▸ WORK ORDER: Leaving the pictures aside, transcribe the data below exactly.

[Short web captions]
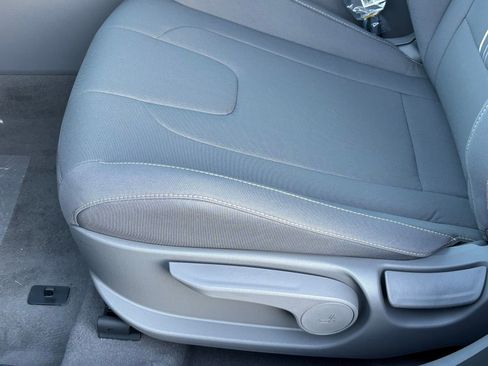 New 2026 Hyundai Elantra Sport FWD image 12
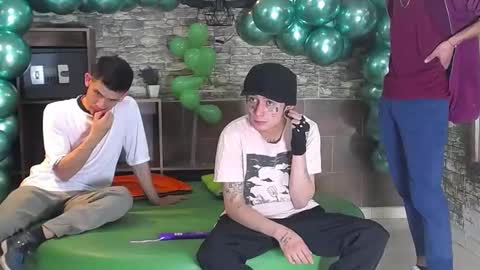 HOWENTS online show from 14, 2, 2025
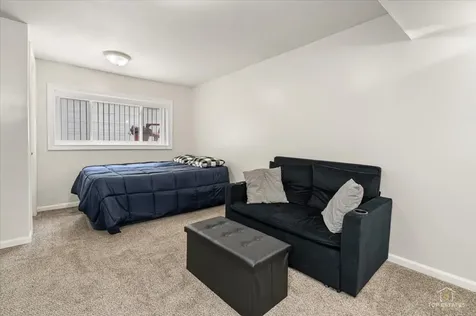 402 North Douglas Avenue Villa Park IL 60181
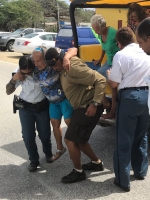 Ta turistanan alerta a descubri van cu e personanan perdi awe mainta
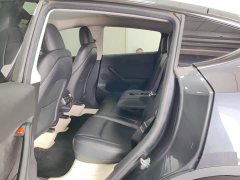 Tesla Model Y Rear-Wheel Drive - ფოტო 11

▸ EXPECTED ANSWER:
 New 2026 Hyundai Elantra Sport FWD image 12
 HOWENTS online show from 14, 2, 2025
 402 North Douglas Avenue Villa Park IL 60181
 Ta turistanan alerta a descubri van cu e personanan perdi awe mainta
 Tesla Model Y Rear-Wheel Drive - ფოტო 11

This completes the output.